For instance, one cluster consists of users who park overnight at home, typically arriving in the evening and leaving in the morning. These vehicles have long dwell times, making them ideal candidates for flexible charging and even discharging during peak demand periods. Another cluster includes daytime parkers—such as office workers—who arrive in the morning and leave in the afternoon. Their availability window is shorter, but still valuable for midday load management. A third group comprises commercial fleet operators, whose vehicles may return multiple times a day, offering frequent but shorter charging opportunities. Two additional clusters represent users with irregular schedules and those who charge opportunistically throughout the day.

By modeling these behaviors, the researchers were able to simulate how individual EV owners make charging decisions based on convenience and cost. The model assumes that users sign contracts with aggregators, agreeing to allow controlled charging in exchange for financial incentives or lower electricity rates. This contractual relationship is crucial—it transforms unpredictable consumer behavior into a manageable and predictable resource.

Once the clusters are defined, the next step is assessing their demand response potential. This refers to the amount of energy that can be shifted in time without compromising the user’s mobility needs. The team evaluated this potential by considering two key constraints: the maximum charging power available at each location and the allowable energy window for each vehicle. For example, a car arriving with a 30% SOC and needing to reach 80% before departure has a fixed energy requirement. However, within that range, the aggregator can decide when and how fast to charge, depending on market conditions.

The researchers also incorporated battery degradation and charging efficiency into their model, ensuring that the proposed strategies do not come at the expense of vehicle longevity. By setting upper and lower limits on battery state of charge—typically between 15% and 90%—they prevent deep discharges and overcharging, which can accelerate battery wear. This attention to technical detail enhances the practicality of the approach, making it more likely to be adopted by real-world operators.

With demand response potential quantified, the focus shifts to market participation. The study proposes a day-ahead bidding model in which multiple aggregators compete to offer charging and discharging services to the grid operator. Unlike traditional approaches that prioritize user satisfaction or technical feasibility, this model centers on profitability. The objective is to maximize net profit—the difference between revenue from selling electricity to users and the cost of purchasing it from the wholesale market.

To achieve this, the model accounts for several critical factors. First, it considers the uncertainty of electricity prices. Day-ahead market prices are not fixed; they are determined through an auction process and can fluctuate significantly based on supply and demand. The model uses historical data to simulate various price scenarios, allowing aggregators to hedge against volatility. Second, it incorporates penalties for imbalances. If an aggregator commits to deliver a certain amount of energy but fails to do so—due to unexpected user behavior or forecasting errors—it faces financial penalties. The model includes a tolerance threshold (set at 10% in the study) beyond which penalties apply, encouraging accurate forecasting and conservative bidding.
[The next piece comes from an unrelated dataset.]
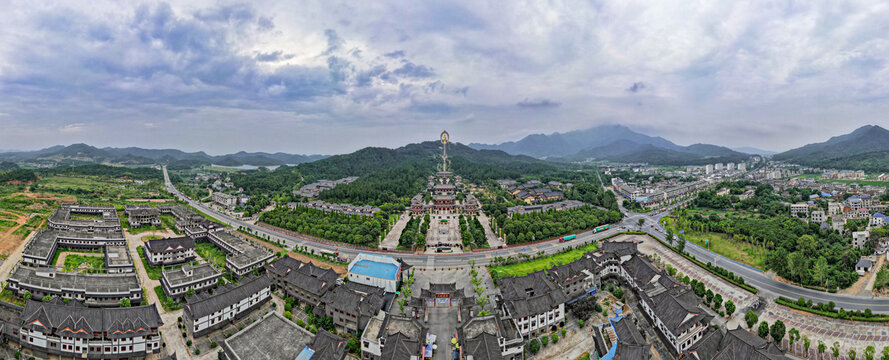 江西九江东林大佛航拍全景图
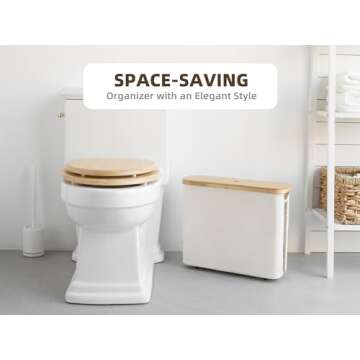 StorageWorks Toilet Paper Storage Basket, Toilet Paper Container with Bamboo Lid, Large Toilet Paper Holder for up to 9 Mega Rolls, Toilet Paper Organizer for Bathroom, Beige, 1 Pack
Another innovative aspect of the model is its time resolution. While most studies use hourly intervals, this research divides each hour into four 15-minute segments, resulting in 96 time slots per day. This finer granularity allows for more precise scheduling and better alignment with real-time grid operations. It also enables aggregators to exploit short-term price differences—buying low during off-peak hours and selling high during peak periods—a practice known as peak shaving and valley filling.

The optimization problem is solved using Gurobi, a powerful commercial solver capable of handling complex mixed-integer linear programming tasks. By integrating this tool with MATLAB and YALMIP, the researchers created a robust computational framework that can process large datasets and generate optimal bidding strategies in a reasonable time frame.

To validate their approach, the team conducted a case study using real-world data from a district in Wuhan, Hubei Province. The simulation involved 3,000 EVs and 5,000 residential consumers, with two types of aggregators: one specializing in slow charging (6.6 kW) and the other in fast charging (22 kW). The results were compelling. Under the proposed bidding strategy, the overall load profile showed a significant reduction in peak demand and an increase in off-peak consumption. This flattening of the load curve translates directly into reduced stress on the grid, lower transmission losses, and deferred infrastructure investments.

Moreover, the economic analysis revealed substantial profits for both aggregators. The slow-charging aggregator (EVA1) achieved a net profit of over 11,600 yuan per day, while the fast-charging aggregator (EVA2) earned nearly 7,350 yuan. These figures demonstrate that demand response is not just a technical or environmental benefit—it is also a viable business model.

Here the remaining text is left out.